If you subscribe to the "everything is an object" model religiously, then yes, you're probably doing harm. As always, there's no hard rules here and it always depends on your problem and data access requirements. You can usually get performance gains by using memory pools, arrays of structures/primitives, and entity systems instead of inheritance hierarchies.


You're misunderstanding the advice about contiguous. It's not that it's more likely to stay in cache, but if you're accessing data sequentially it's more likely the data you're going to access next is already in cache.

Most (all I've read/looked at) benchmarks in Java have data structures backed by linked lists utterly smashed by things implemented by an array.

There was in the last year or two a good c++ talk where a game or game engine changed their storage to be more array like and got roughly a 30% boost in performance. Memory locality is usually king, which is why linked lists are rarely used.



If you already know your data (which must be the case with arrays anyway), you can simply pre-allocate a pool from where the elements of the linked list will be taken. This guarantees that elements will be allocated from the same region in memory. It is a simple technique that I use whenever I believe that a linked list will be needed in a high-performance context.


Vectors are also usually more memory-efficient, period. A singly-linked list uses a pointer for each element an a doubly-linked uses two, while a vector has constant [a pointer and two integers (size and capacity)] overhead. (Unless the vector was dynamically resized and isn't near capacity.)


> if you're accessing data sequentially it's more likely the data you're going to access next is already in cache

Why?


Cache consists of cache lines (usually 64 bytes). If an element in the list is smaller than the cache line a whole line is put in the cache anyway. This means that data is cached that you have not read yet. When using a contiguous array this unread data contains the next elements. So they are cached without ever having been read.


Cache prefetching. (https://en.wikipedia.org/wiki/Cache_prefetching)

Essentially, many workloads access data sequentially and therefore modern cache architectures have special optimizations to make these memory accesses as fast as possible, by prefetching the next item in the sequence before it is actually needed.


Ah, yes.

Well, anyways I value code simplicity more than anything.

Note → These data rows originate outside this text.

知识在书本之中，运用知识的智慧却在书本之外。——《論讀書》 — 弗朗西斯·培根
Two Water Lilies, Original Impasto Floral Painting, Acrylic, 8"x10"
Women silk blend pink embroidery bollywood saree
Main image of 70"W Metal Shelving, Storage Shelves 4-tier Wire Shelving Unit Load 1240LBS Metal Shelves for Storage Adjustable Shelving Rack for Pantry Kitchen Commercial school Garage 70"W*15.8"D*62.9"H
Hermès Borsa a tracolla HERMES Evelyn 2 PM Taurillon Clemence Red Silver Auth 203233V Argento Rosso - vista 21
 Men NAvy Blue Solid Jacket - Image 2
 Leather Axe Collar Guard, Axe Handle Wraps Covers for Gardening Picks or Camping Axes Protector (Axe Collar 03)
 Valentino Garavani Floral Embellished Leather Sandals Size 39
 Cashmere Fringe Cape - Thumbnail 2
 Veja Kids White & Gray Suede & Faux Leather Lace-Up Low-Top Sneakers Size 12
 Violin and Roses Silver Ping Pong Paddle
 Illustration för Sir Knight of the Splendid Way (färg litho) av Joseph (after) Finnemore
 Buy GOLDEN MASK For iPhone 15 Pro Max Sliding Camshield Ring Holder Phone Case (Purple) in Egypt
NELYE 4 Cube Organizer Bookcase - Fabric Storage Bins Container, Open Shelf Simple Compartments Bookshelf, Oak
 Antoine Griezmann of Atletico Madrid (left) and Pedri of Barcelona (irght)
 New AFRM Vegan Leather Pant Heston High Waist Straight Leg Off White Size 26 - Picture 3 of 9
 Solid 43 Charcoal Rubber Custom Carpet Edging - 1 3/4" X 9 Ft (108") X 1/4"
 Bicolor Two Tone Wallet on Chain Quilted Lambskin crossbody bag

Maybe CPUs will learn to do cache prefetch for link oriented languages: if a "load and dereference" pattern is detected, CPU could prefetch the data referenced by pointers it has in registers or recently fetched cache line.

BTW, linked list elements are not necessary located far away from each other, if we allocated them one after another chance are they are near each other in memory.


the time complexity of insert etc is superior and a good reason for abstraction on top of an array, I would think.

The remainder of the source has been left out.